Three diagrams in Figure 21 illustrate the variations of B_w against the damping coefficient for different gap widths, drafts, and structure breadths, respectively. Generally, a system with a smaller D, smaller d₁:d₂, and smaller B₁:B₂ increases the effective frequency bandwidth (B_w), thereby enhancing the overall performance of the WEC-B system. However, there are two outliers in the B_w vs. λ_PTO curves for D =1.0m. These outliers are caused by the second peak in the CWR vs. kh curves shown in case e in Figure 6. When λ_PTO = 15 kg/s and 25 kg/s, the CWR vs. kh curve rises above 0.2, which increases B_w at these two points.

6. Conclusions

In this paper, a numerical model based on OpenFOAM^® is used to investigate the performance of the WEC-B system. The study examines multiple parameters and analyses the vortex field and wave propagation to understand how different parameters affect performance. The key findings are:

• Gap width impacts the vorticity field around the floating pontoon; a smaller gap width reduces vortices, increasing heave displacement and improving functional performance. A smaller gap width (ranging from 0.1 m to 1.0 m) can improve wave energy extraction efficiency.
• Draft affects the vorticity field; a smaller draft reduces vortices and enhances performance. In this study, a smaller d₁:d₂ ratio improves performance. For instance, when d₁:d₂ = 0.1:0.15, the CWR can reach the best efficiency of 64%.
• Structure breadth influences wave reflection and transmission; a smaller B₁:B₂ ratio, when B₁:B₂ = 0.4:0.8, leads to better performance.
• Sharp changes in the high-frequency region of CWR vs. kh curves are due to Bragg reflection, which affects the effective frequency bandwidth. This factor should be considered in the design of integrated WEC and dual floating breakwaters.
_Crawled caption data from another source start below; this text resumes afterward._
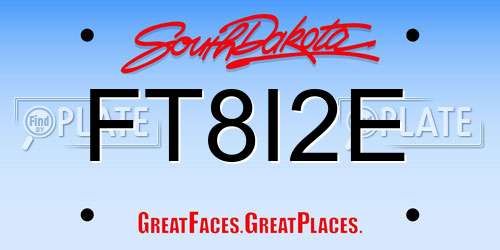 FT8I2E South Dakota License Plate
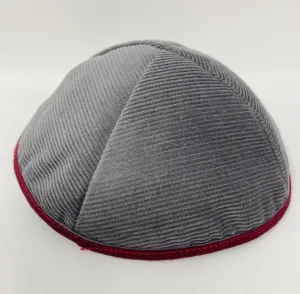 Size 4 - Light Gray corduroy / burgundy rim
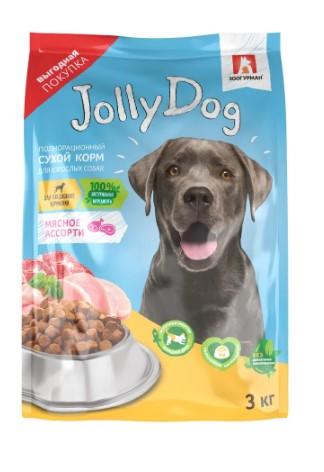 Полнорац. сухой корм д/взрослых собак Zoogurman, Jolly Dog Мясное ассорти 3кг в интернет гипермаркете «Планета Лета». Фото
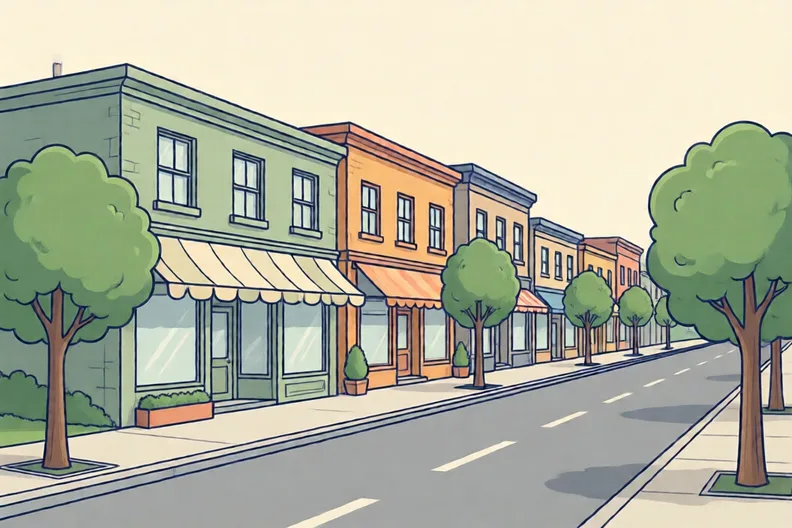 A town street with a row of shop fronts, round trees on the pavement and a grey road, with no people.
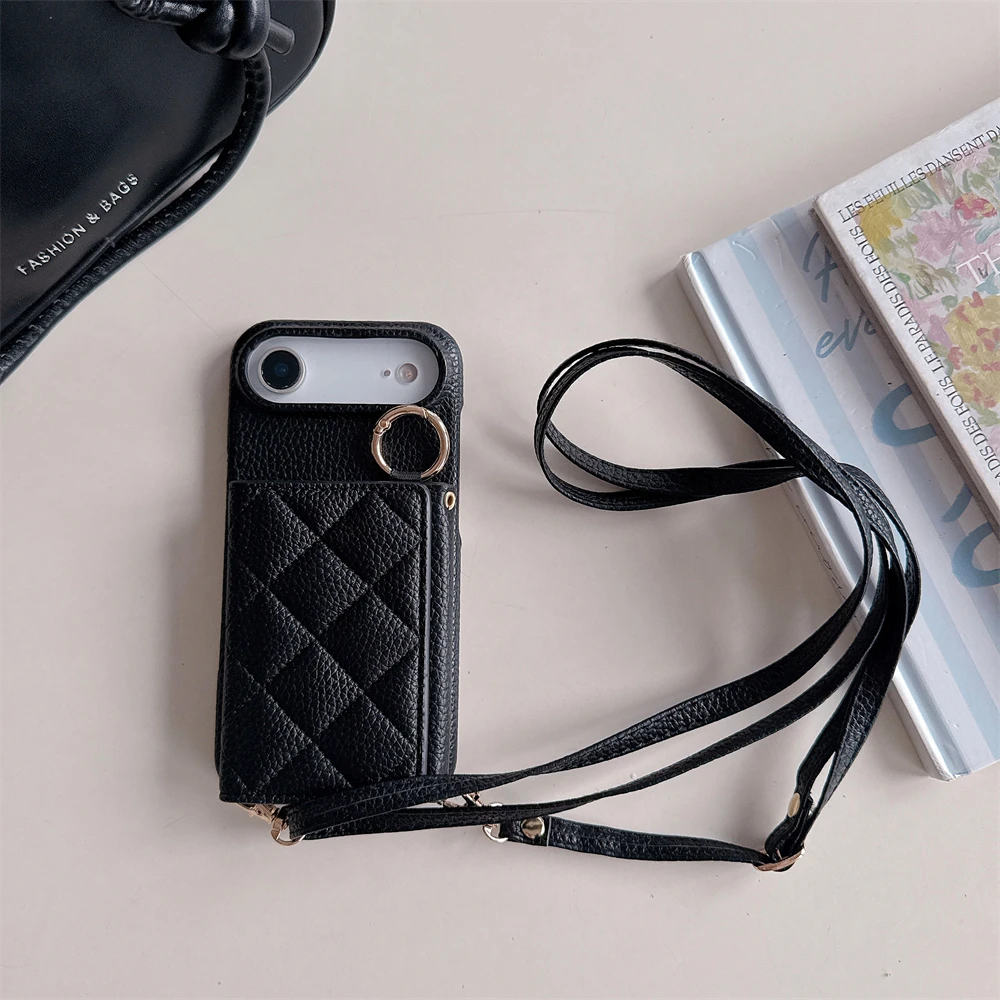 Crossbody Lanyard Wallet Case with Card Holder and Leather Cover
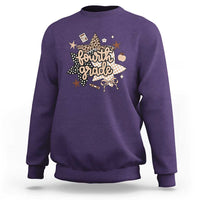 Fourth Grade Leopard Checkered Star Coquette Sweatshirt Cute 4th Grade Girl Back to School Gift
This research includes the full consideration of flow viscosity using OpenFOAM^®, optimisation of the WEC-B system’s relative dimensions and layout, and the novel discussion of the effective frequency bandwidth to evaluate the overall functional performance. These findings suggest that further development of the WEC-B system is warranted.

This research highlights two main directions for enhancing the performance of WEC-B systems. First, increasing the utilisation of reflected waves by modifying the floating structure can improve efficiency. Second, improving the motion response of the floating pontoons by reducing vortices around the structures can enhance energy extraction. These practical applications can significantly contribute to the development of cost-effective and efficient WEC-B systems for sustainable energy generation.